• [TASK GOAL]
Would you write out the lines below exactly, from the one containing "This is a case" to the very last, but without the pictures?

---------- RECORD EXCERPTS

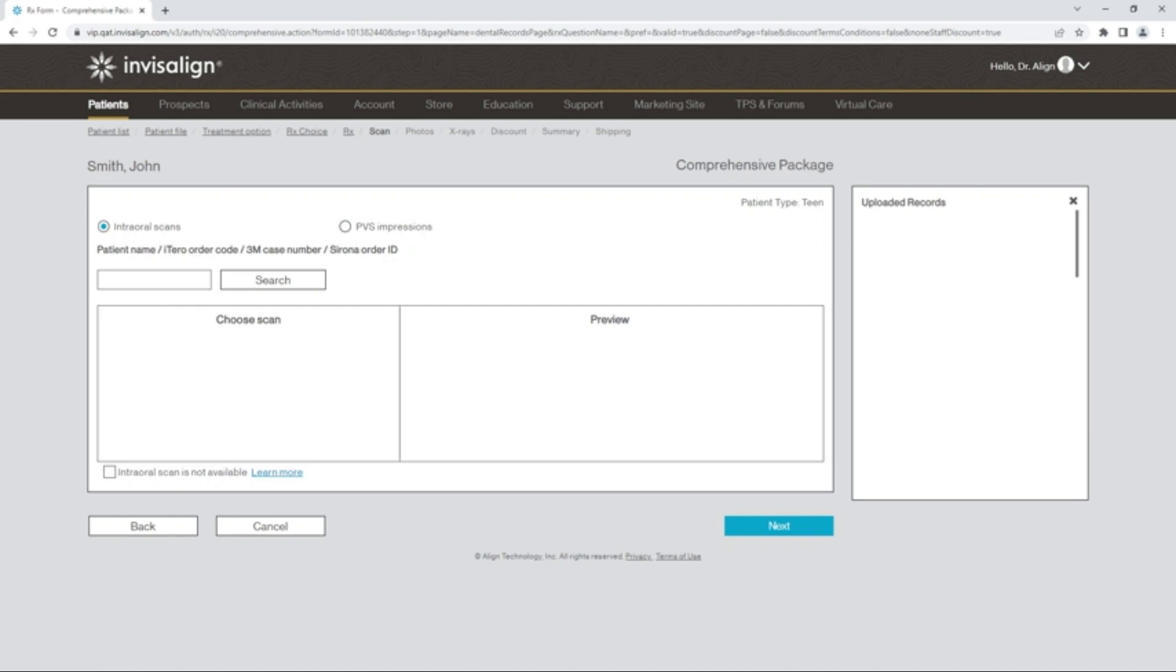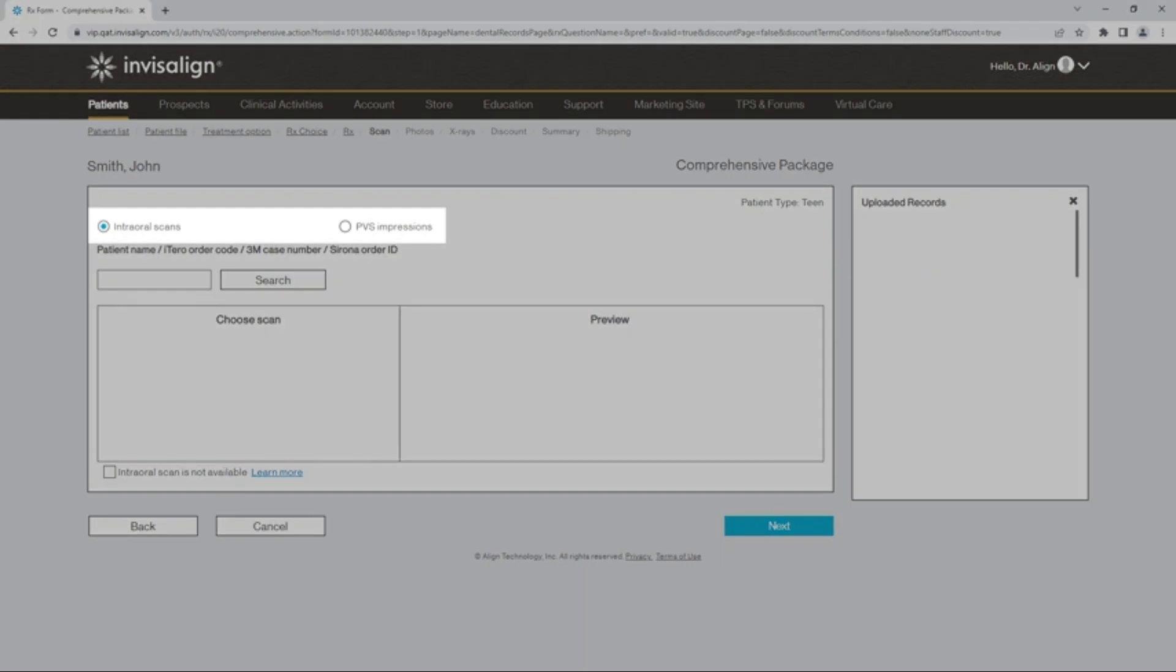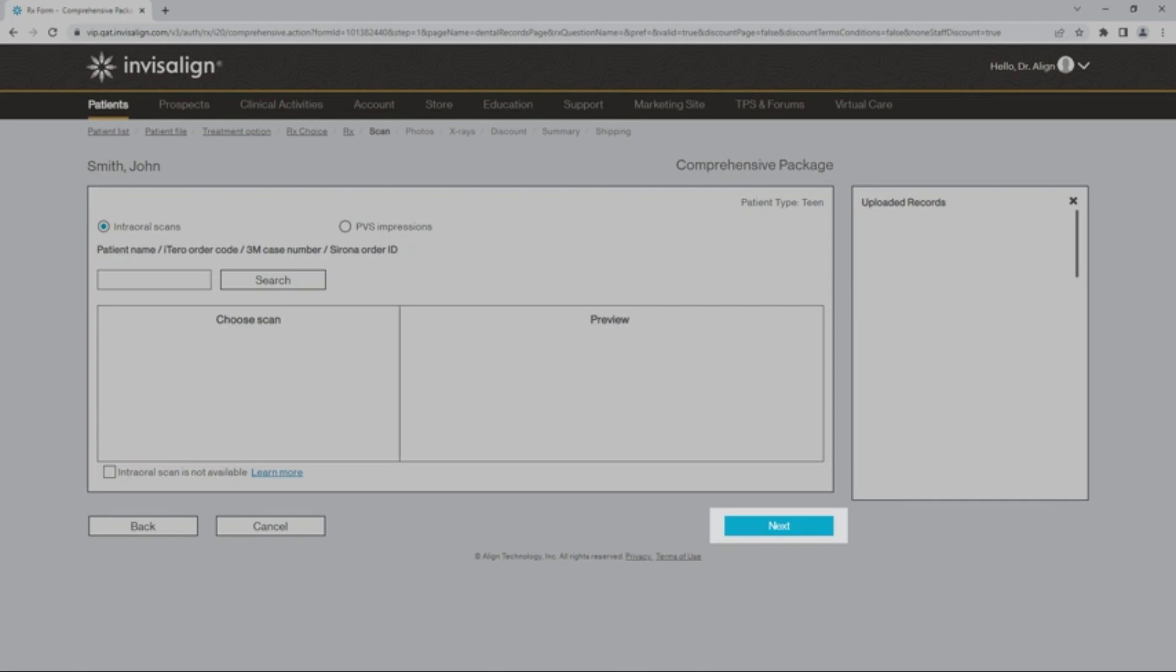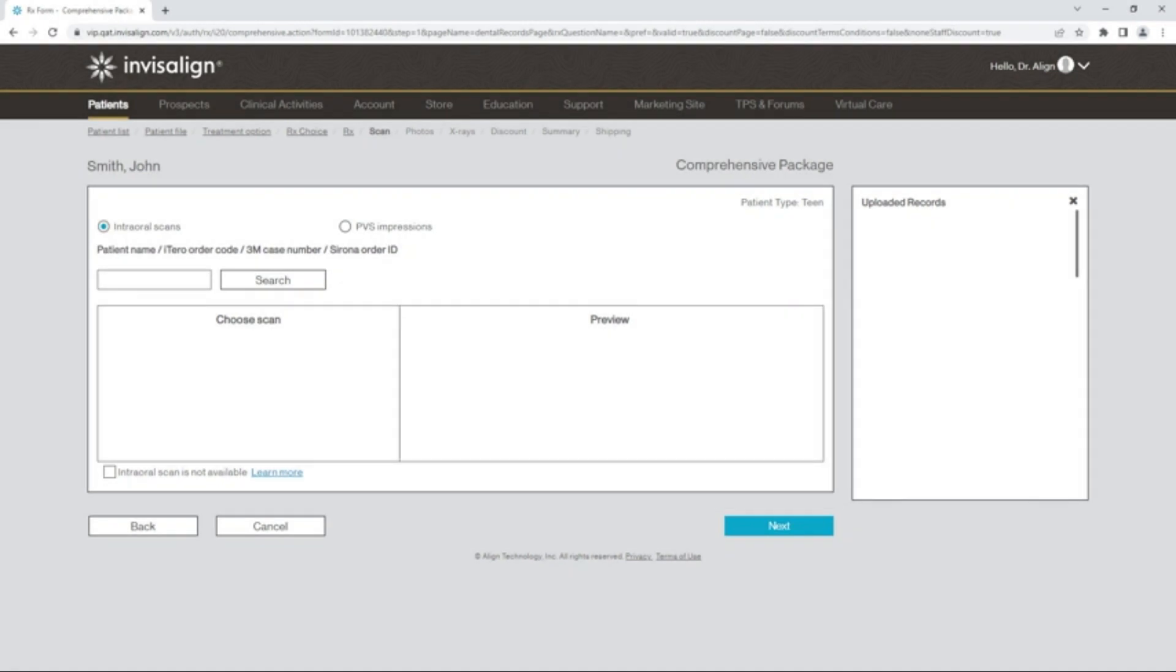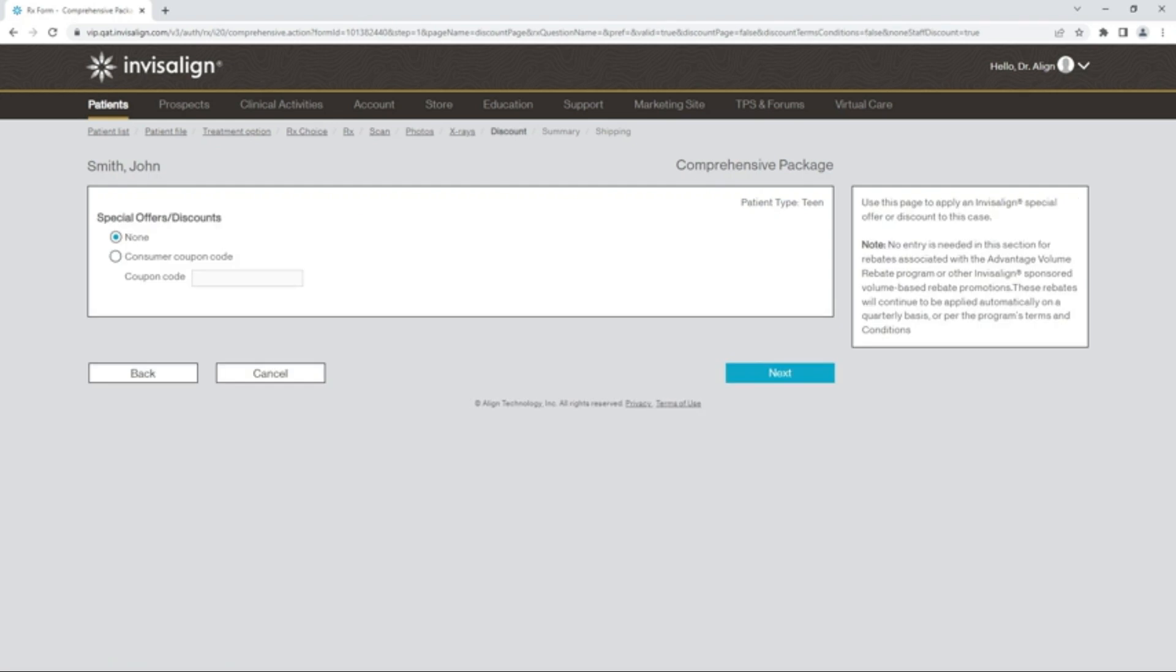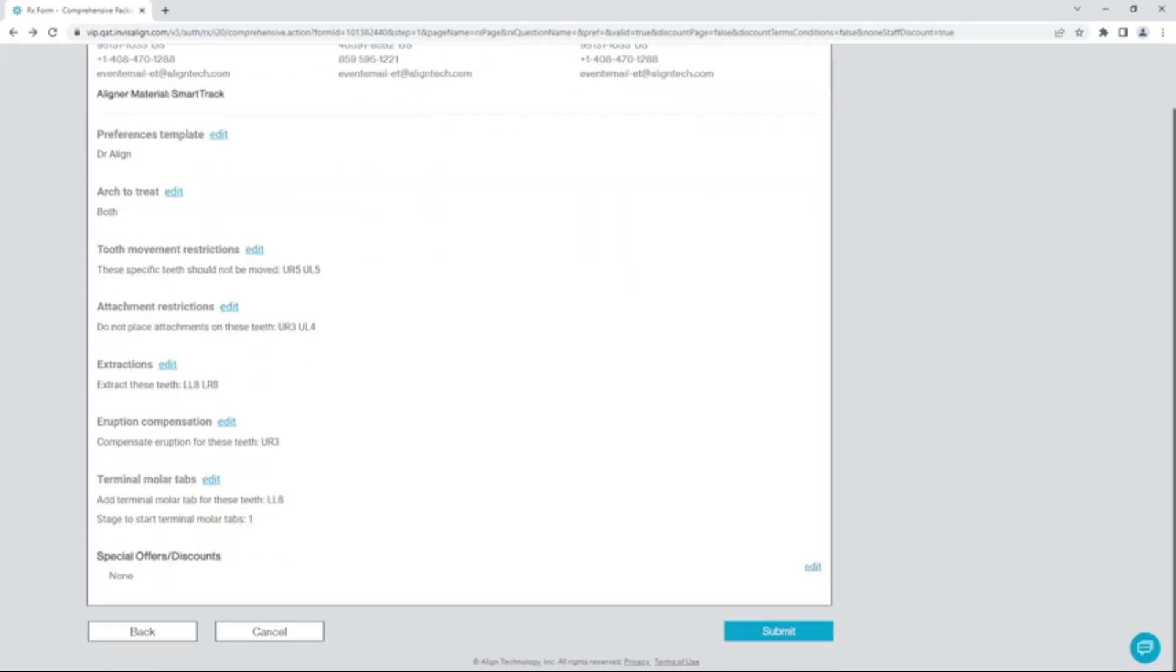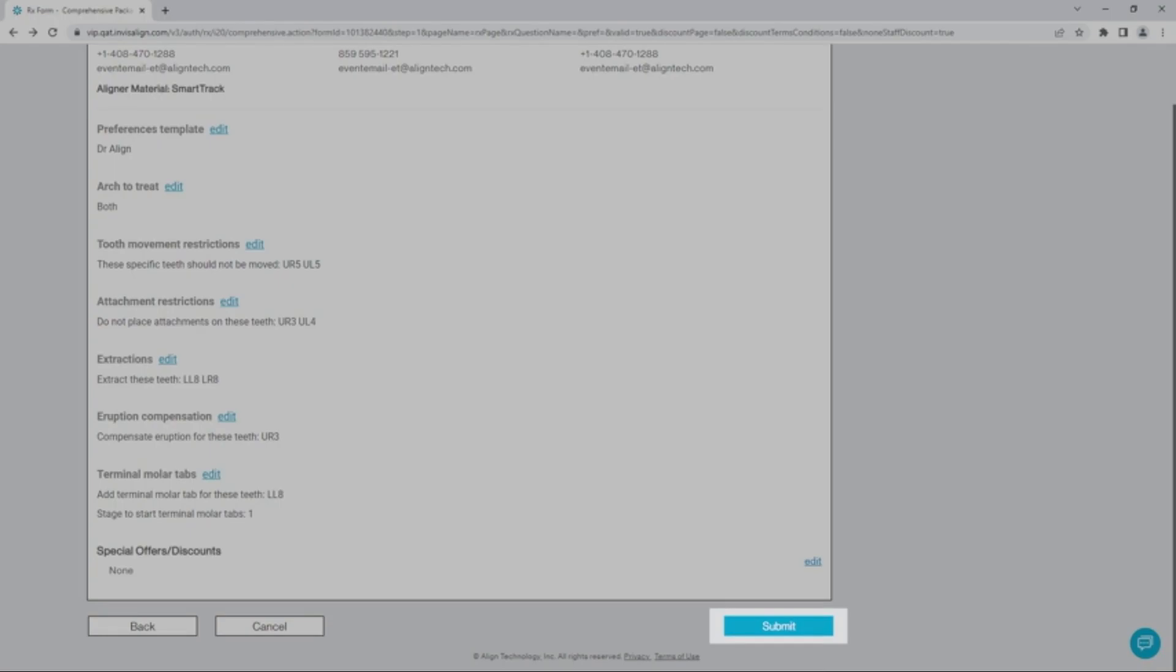To complete the prescription form, select Intraoral Scans or PVS Impressions for the patient, and select Next to check the Summary page and submit the case for ClinCheck setup. Upload any scans, photos, and x-rays, if not already uploaded. Select No for study participation, if applicable, and enter Discounts, if any. Check the Summary page, and then Submit.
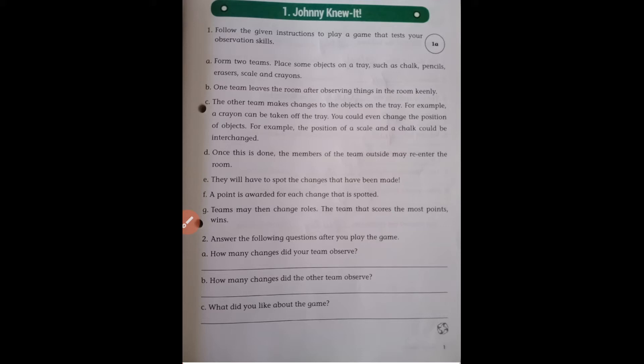I will explain how to play. Form two teams. You have to place some objects on a tray — such as chalk, pencil, eraser, scale, and crayons. One team leaves the room after observing the things in the room keenly.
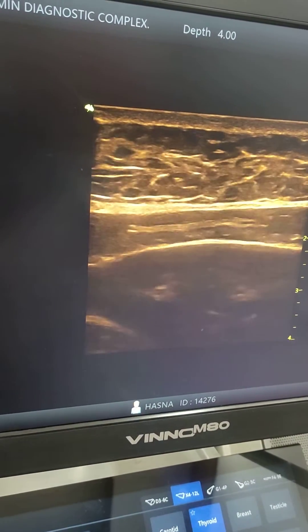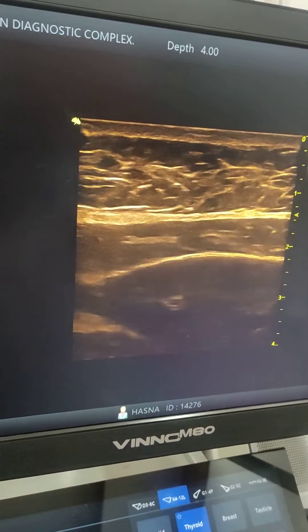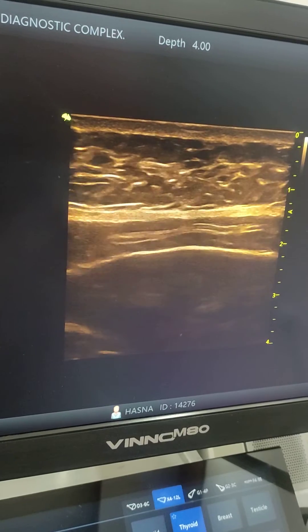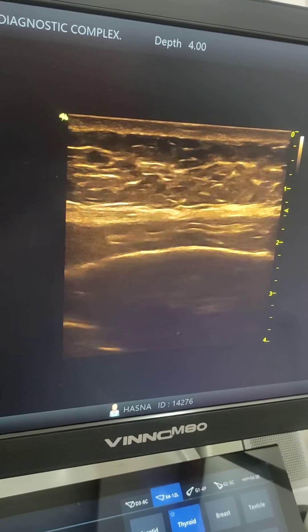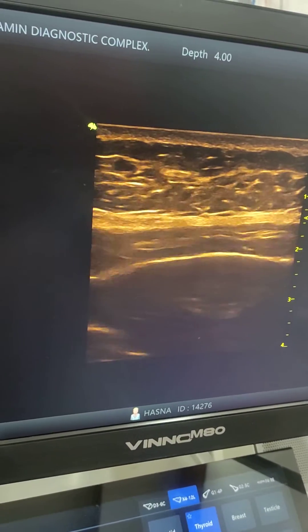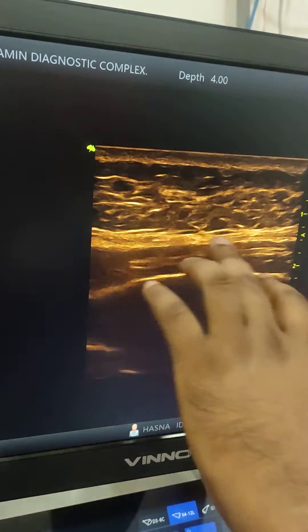This is a case of Ascaris lumbricoides in the main pancreatic duct. Thank you.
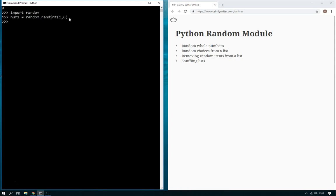And now type num1, there you go, it's picked a random number. And if we run the random code again it will pick a random number. So that's nice and simple, picking a random number.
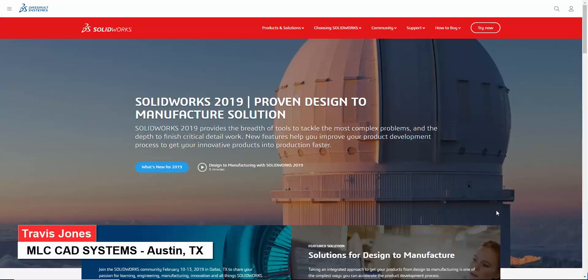As a SOLIDWORKS customer on Active Subscription Service, you have the ability to download different versions of the SOLIDWORKS installation media.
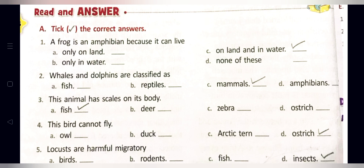Part A: Take the correct answer. Question one: A frog is an amphibian because it can live — option A: only on land, option B: only in water, option C: on land and in water, option D: none of these. Frogs are amphibians because they can live both on land and in water, so option C is correct: on land and in water.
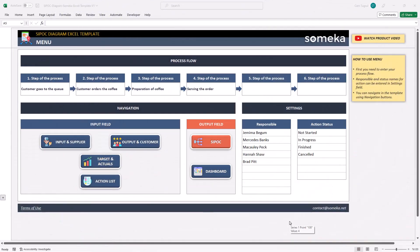Hello and welcome to SOMECA SIPOC Diagram. This tool helps you to create a process map of your organization and gives you an overview of your business. This tool has seven sections in total.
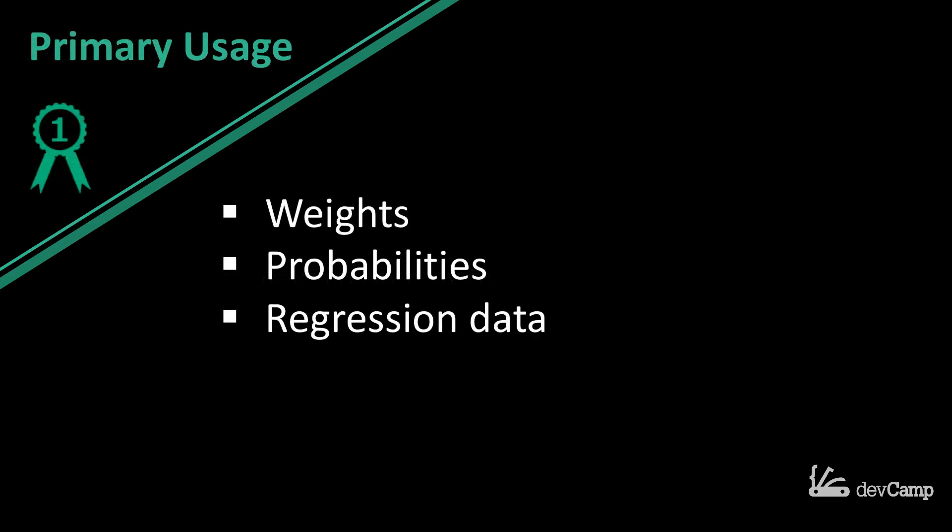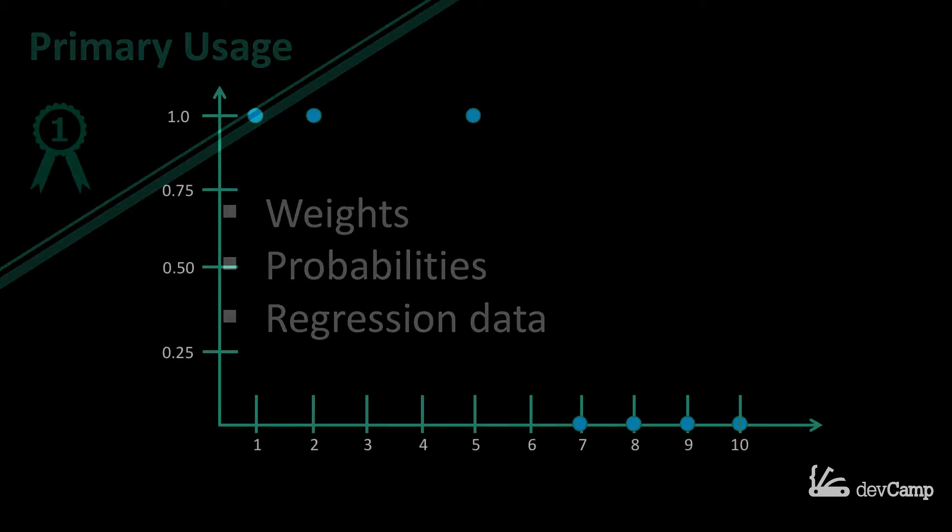The way you typically use a model is it relates to the weights, the probabilities, and the regression data. As you're building machine learning algorithms and implementing them, every time you are training data, you're building the model. If you're using a tool such as logistic regression, for example,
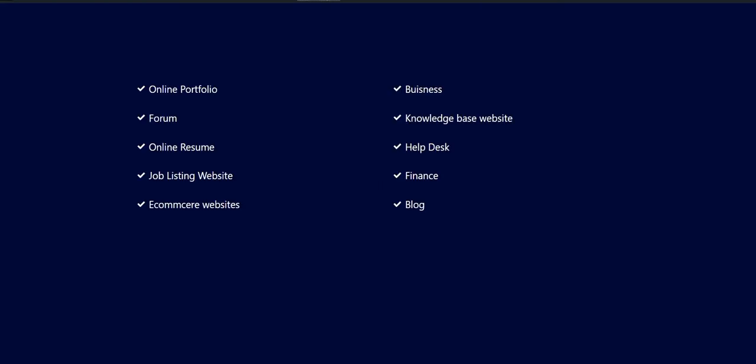You can build online portfolio, forms, online resume, job listing websites, e-commerce websites, business websites, knowledge based websites, helpdesk, finance, blogs and much more.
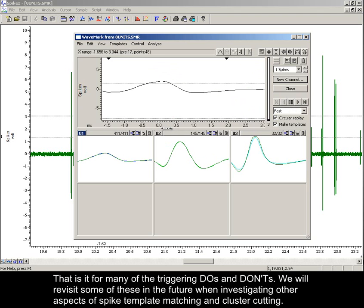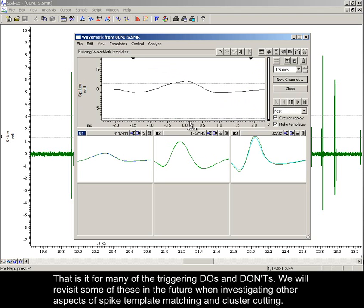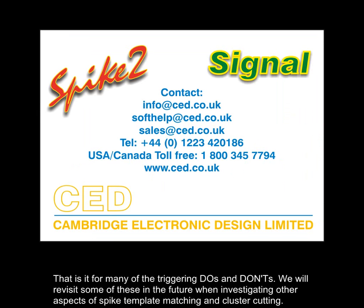That's it for many of the triggering do's and don'ts. We will revisit some of these in the future when investigating other aspects of spike template matching.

--------------------

• [THE COMPLETED TASK]
This is a case of Ascaris lumbricoides in the main pancreatic duct. Thank you.
And now type num1, there you go, it's picked a random number. And if we run the random code again it will pick a random number. So that's nice and simple, picking a random number.
As a SOLIDWORKS customer on Active Subscription Service, you have the ability to download different versions of the SOLIDWORKS installation media.
Part A: Take the correct answer. Question one: A frog is an amphibian because it can live — option A: only on land, option B: only in water, option C: on land and in water, option D: none of these. Frogs are amphibians because they can live both on land and in water, so option C is correct: on land and in water.
Hello and welcome to SOMECA SIPOC Diagram. This tool helps you to create a process map of your organization and gives you an overview of your business. This tool has seven sections in total.
The way you typically use a model is it relates to the weights, the probabilities, and the regression data. As you're building machine learning algorithms and implementing them, every time you are training data, you're building the model. If you're using a tool such as logistic regression, for example,
You can build online portfolio, forms, online resume, job listing websites, e-commerce websites, business websites, knowledge based websites, helpdesk, finance, blogs and much more.
That's it for many of the triggering do's and don'ts. We will revisit some of these in the future when investigating other aspects of spike template matching.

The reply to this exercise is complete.